AT&T will hold a 70% stake while TPG gets the remaining 30% stake in the new company to be formed as DirecTV’s parent. The deal agreed between both companies values DirecTV’s new parent at $16.25 billion.
Notably, AT&T is taking a big loss from its DirecTV deal with TPG given that it paid $48.5 billion excluding debt for the broadband satellite provider in 2014. Now with a deal valuing the business at $16.25 billion, it’s apparent that AT&T is taking a big loss from its DirecTV business in what’s a testament to the decline of broadband satellite services amid the rise of digitally distributed video.
“We certainly didn’t expect this outcome when we closed the DirecTV acquisition in 2015,” AT&T CEO John Stankey said on a conference call on Thursday, while noting that the deal with TPG is in the best interest of AT&T’s shareholders.
Under the terms of their deal, TPG will pay $1.8 billion in cash to buy 30% of common share units in DirecTV’s newly formed parent, leaving AT&T to hold the remaining 70%.
AT&T has structured its DirecTV deal in such a way that it’ll receive $7.6 billion in cash and transfer $200 million of DirectTV debt to the new entity jointly owned with TPG that’ll be DirecTV’s parent, New DirecTV. The $7.6 billion consists of the $1.8 billion in cash to be paid by TPG and then a $5.8 billion payment that AT&T will extract from New DirecTV out of a $6.2 billion debt facility that banks have committed to provide for New DirecTV.
Also, $200 million of current DirecTV debt will be taken out of AT&T’s direct hands and assumed by the new parent firm New DirecTV, making AT&T’s net payment from its DirecTV restructuring amount to $7.8 billion, an amount that may seem high but is nothing compared to what AT&T is writing off by buying a company for $48.5 billion in 2014 and selling it in a $16.25 billion deal seven years later, roughly one-third of what it paid for the company.
With the $7.6 billion in cash that AT&T will net from its DirecTV deal, the company says that’ll it use it to reduce its heavy debt load which stood at $157 billion as of the end of December 2020.

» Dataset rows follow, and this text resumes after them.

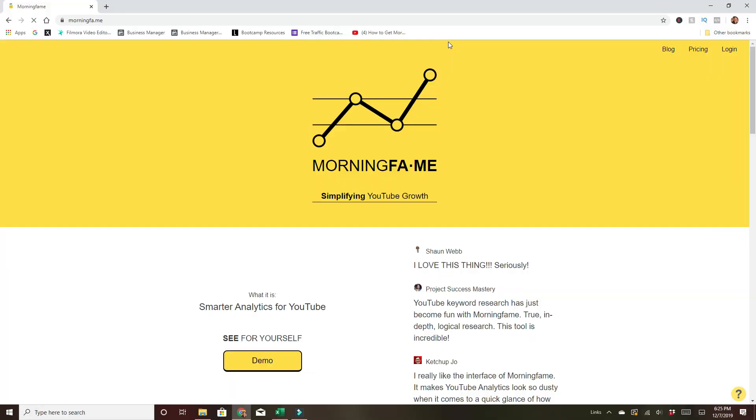All right, before we dive into the tool, I want to say the tool we're going to be using you can get for free for 30 days down in the description below. And if you're interested in monetizing your channel before you get to 1,000 subscribers and 4,000 watch hours, I will go over that at the end of this video. So make sure you stick around. The tool we're going to be using today is Morningfame.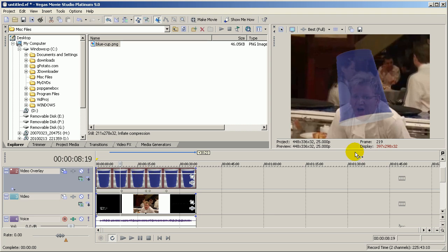So be aware that you can actually do that as well. That's the basics of overlaying a graphic, animating it, and adjusting the opacity. I hope this has helped. Bye-bye for now.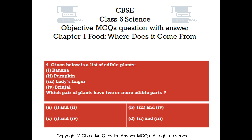Question number 4. Given below is a list of edible plants: Banana, Pumpkin, Lady's finger, Brinjal. Which pair of plants have two or more edible parts?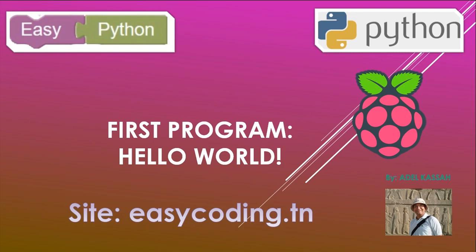Welcome to this new video of the list dedicated to the programming of the Raspberry Pi in an easy way. You will find the link of the list in the description.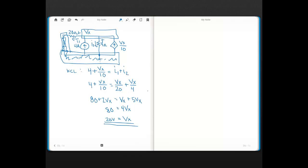Since the polarity is the same — in both cases VX came out to a positive voltage — we just add them up. The total VX equals 20 plus 5, which is 25 volts. That's our total VX.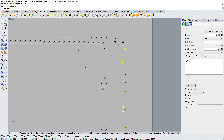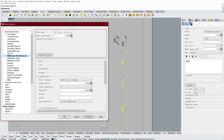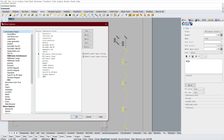If your dimension is like this, you need to round off, and there's an option to round off all numbers. Tap Options, go to Annotation Styles.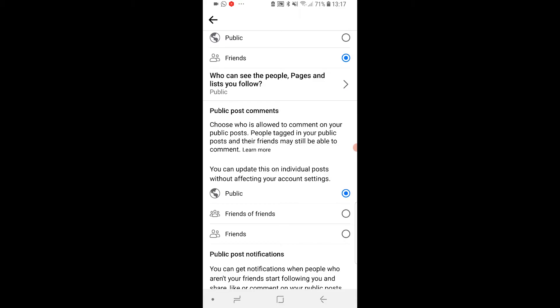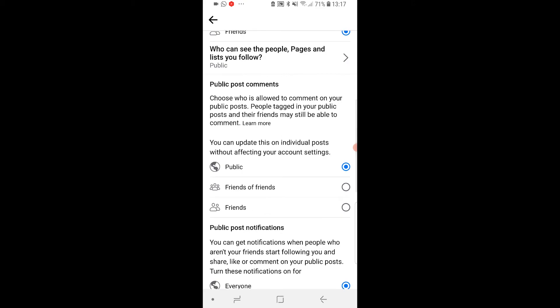Now right now as of 2021, Facebook only has three options for you. You can set it so anyone can comment, you've got friends of friends, or you can just choose friends.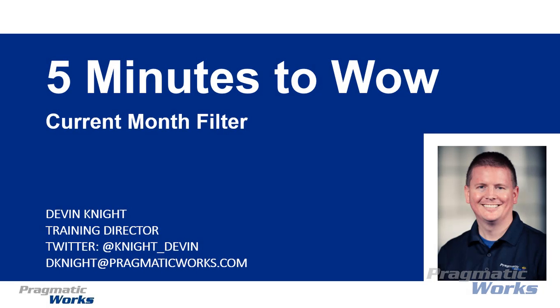Hi, welcome. My name is Devin Knight and I'm the Director of Training here at Pragmatic Works. In this short five minutes to wow video, I want to teach you a cool trick that you can use on your reports to always return back the current month inside of your dashboards and reports.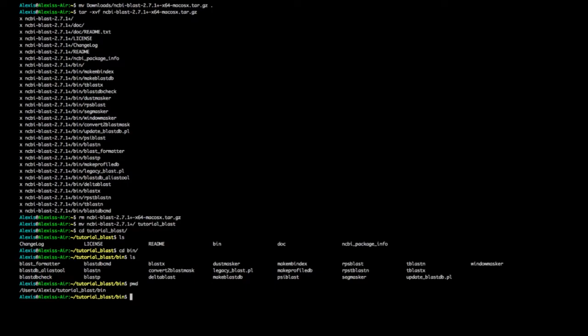If I want to run my BLAST command from elsewhere — not necessarily from inside tutorial_blast/bin — I can add the bin directory to my PATH. To do so, you just write your PATH export command and add it. If you're on Windows, PowerShell may offer a different option. On a bash shell, this should work. For other shell types, check your shell's equivalent.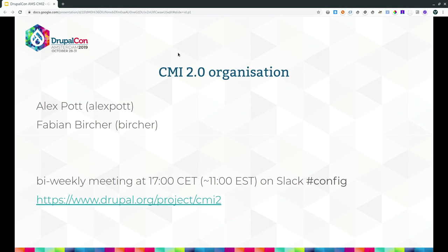About the organization and how you can help: Alex Pot and I are the initiative leads at the moment. We have a bi-weekly meeting at five in the evening on Slack in the config channel. There's also a Drupal.org project page, CMI2, which is the best place to find issues tagged for our initiative and to ask config-related questions.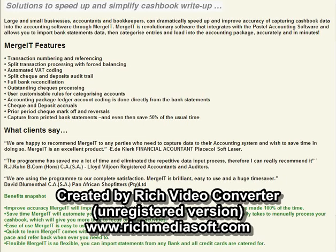This form says it all, but we just want to emphasize that Mergit is designed to import data from bank statements, categorize the entries, and then load them into the accounting package directly and accurately.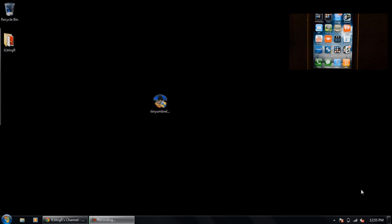Hi everyone, this is Janice on my JL Blogger channel and today I'm going to show you how to update to iOS 5 and fix that 3194 error that you get on iTunes.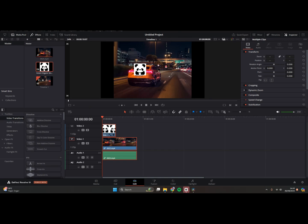Hi guys, welcome back with me again in this channel. On today's tutorial, I'm going to show you how you can do object tracking on DaVinci Resolve. So here I've already imported the videos and also the objects to track.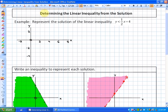In this lesson we're going to look at determining the linear inequality from the solution. What we did in one of the previous lessons is the reverse — finding the solution given the linear inequality. So in this lesson we're doing the reverse of that.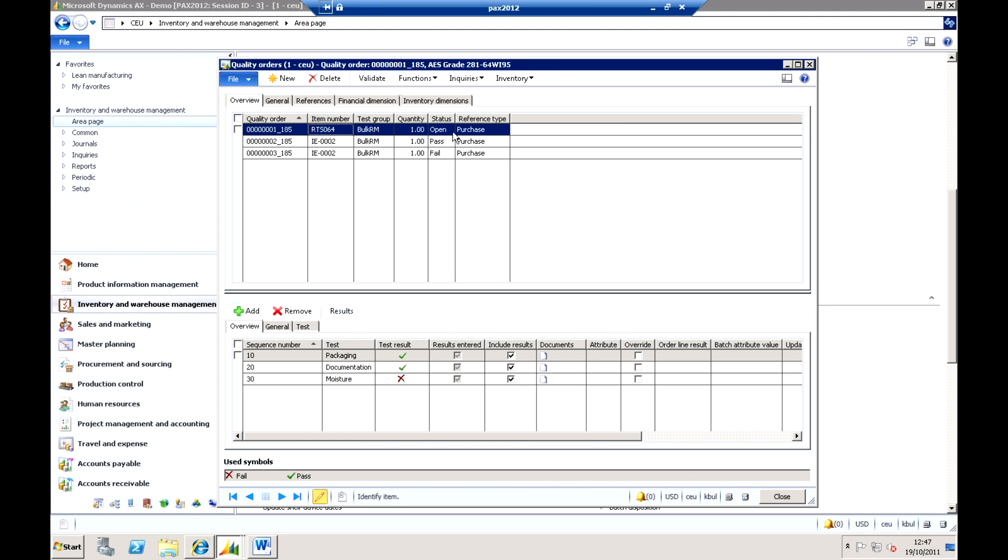This is actually for a purchase order, but equally it could be for production order, but I have completed the packaging test and the document. I have completed the moisture test, but we have actually got it and I can see the measures have been taken.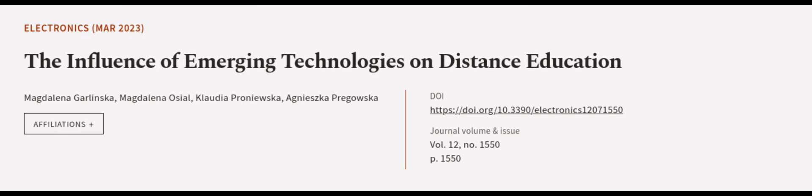This article was authored by Magdalena Garlinska, Magdalena Osial, Klaudia Proniewska, and Agnieszka Pregowska.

Following the close of AT&T and TPG’s deal, DirecTV’s new parent firm will be led by an executive named Bill Morrow who is expectedly taking the position given his current role as CEO of AT&T’s U.S. video unit.

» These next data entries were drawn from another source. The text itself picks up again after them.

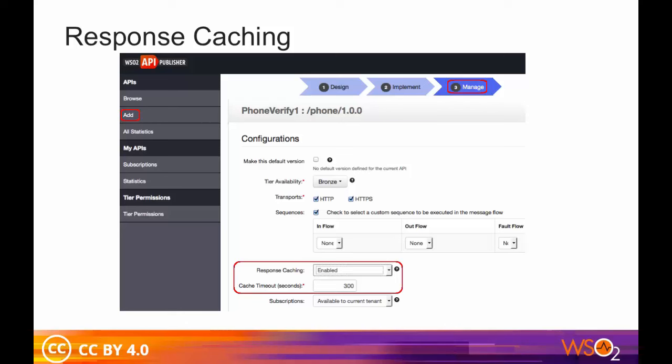You can enable response caching when creating a new API or editing an existing one using the API Publisher UI. Go to the API Publisher and click the Add API menu to create a new API or the Edit link associated with an existing API. Then navigate to the Manage tab where you find the response caching section. You can set it to Enabled and give a timeout value. This enables the default response caching settings.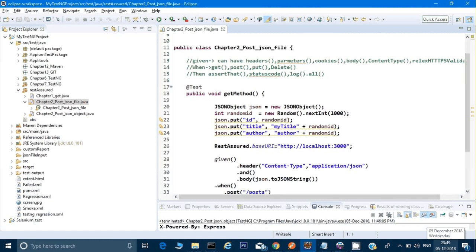Hey guys, welcome back, this is Naresh. In the last video we saw how to call the POST method using a JSON object, and now we will see how to call the POST method without using a JSON object. We will use a JSON file instead of a JSON object.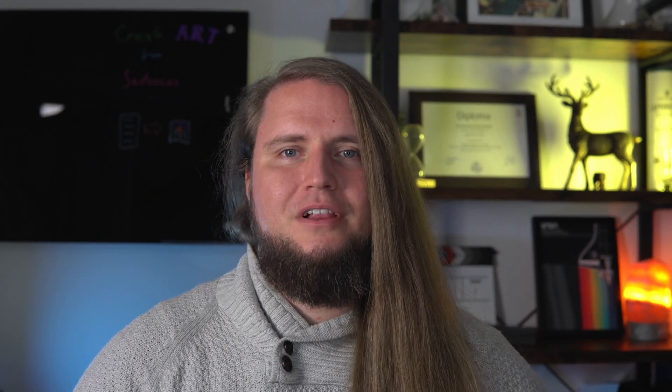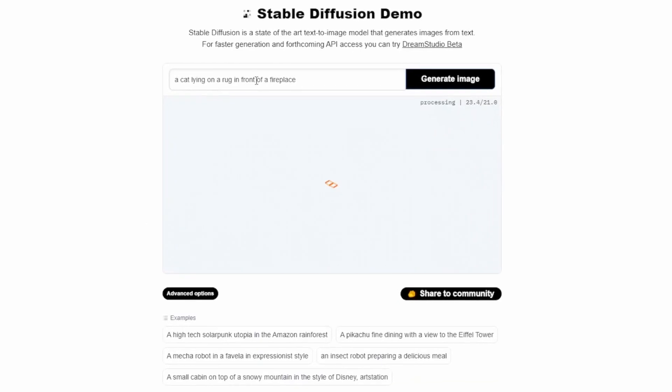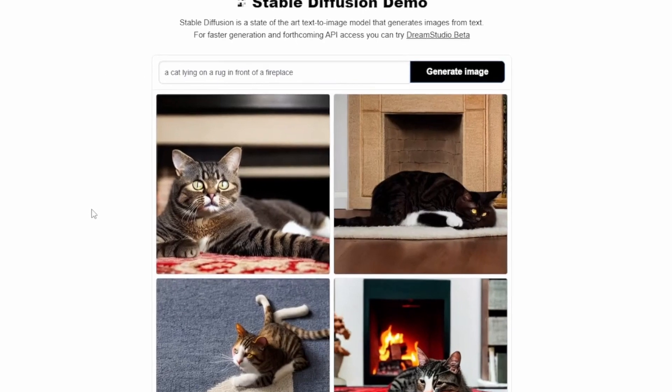So in this class I want to teach you the introduction to a fascinating new tool where you can use sentences to generate beautiful digital art that has not existed before you came up with it.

Still having a direct relationship with AT&T, the current employees of AT&T’s US video unit which mostly consists of DirecTV will transition to become employees of New DirecTV upon the close of the deal. Also, existing DirecTV customers under AT&T will become customers of New DirecTV and get to keep their paid-for wireless or broadband services as usual.